Class remained in session for the non-air conditioned school with a total of roughly 2,200 students. Fox 8 asked the superintendent why classes were not cancelled.

"We use the heat index and we know when the heat index approaches 103 degrees it comes to a point that's actually dangerous,” said Superintendent Charlie Smialek.

In an email, Cleveland school officials stated a heat index above 91 degrees could be unhealthy for students. However different districts operate using different standards to determine how hot is too hot for students in class.

**See the new push for Ohio schools to start after Labor Day**

“I'm checking almost on a minute to minute basis. My last check is the heat index is at 91 degrees,” said Smialek. “That's very uncomfortable but not at a point where we feel we need to cancel school.”

Parents at schools in Cleveland say no air conditioning is unacceptable for students.

"I feel for them.
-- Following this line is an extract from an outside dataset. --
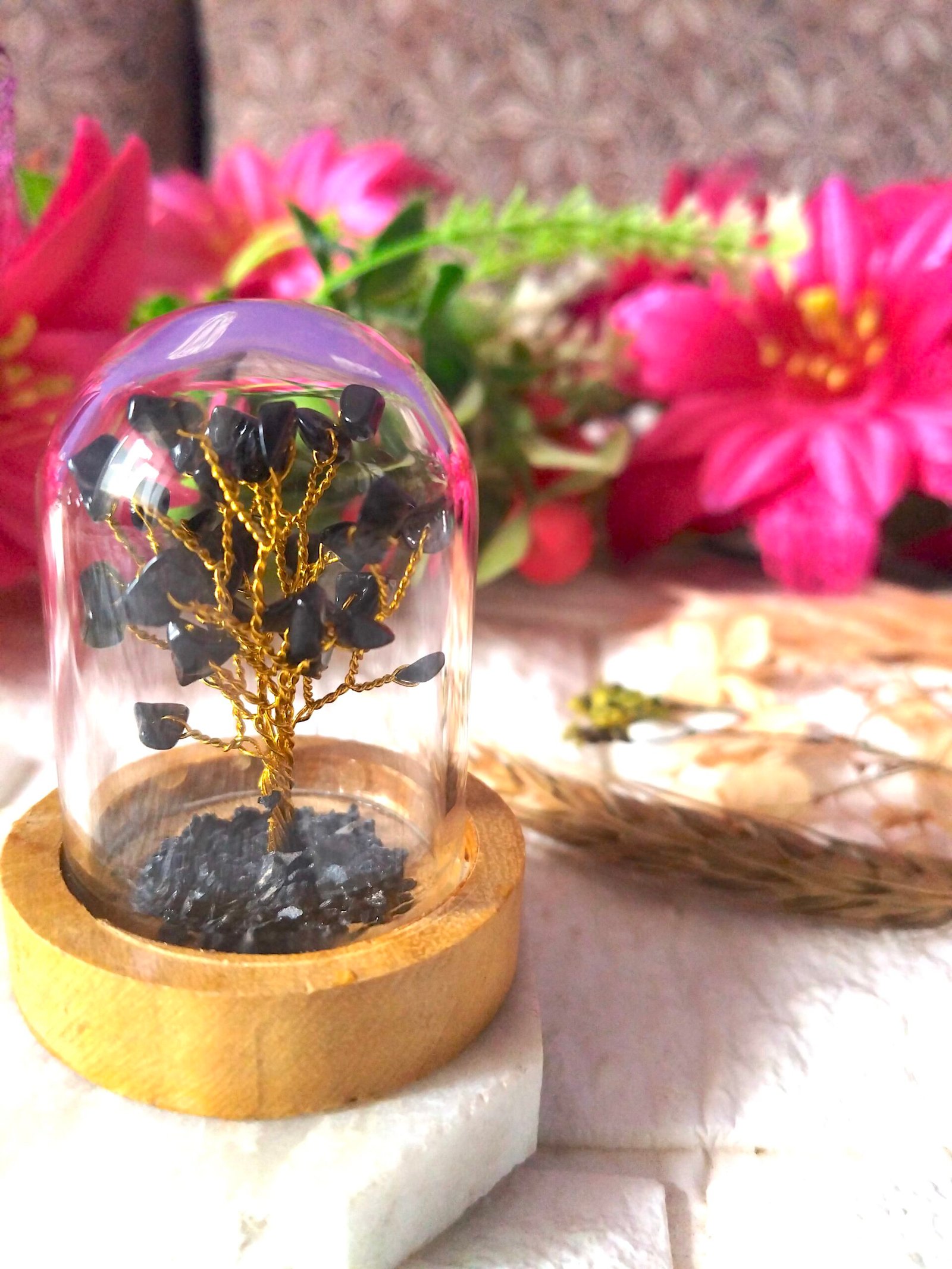 Black Obsidian | Decorative Handcrafted Natural Stone Tree in Glass dome with Wooden Base - Image 5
They should have air conditioners and pass out bottled water,” said Maimie Alexander. “We in Cleveland, so it gets hot; it goes cold, they should be prepared for this type of stuff."

Cleveland and Euclid schools are working to make sure students remain cool by taking additional precautions to make sure children remain healthy in class.

"We are taking steps with water stations, air conditioned zones to make sure our kids and teachers can learn,” said Smialek. “If we get into a situation where it's dangerous to have kids in school we won't worry about how many days we've called; we're going to make sure we make the best decision possible for our kids and our families.”

Euclid has a bond issue on the ballot this November, which would in part build a new high school with air conditioning.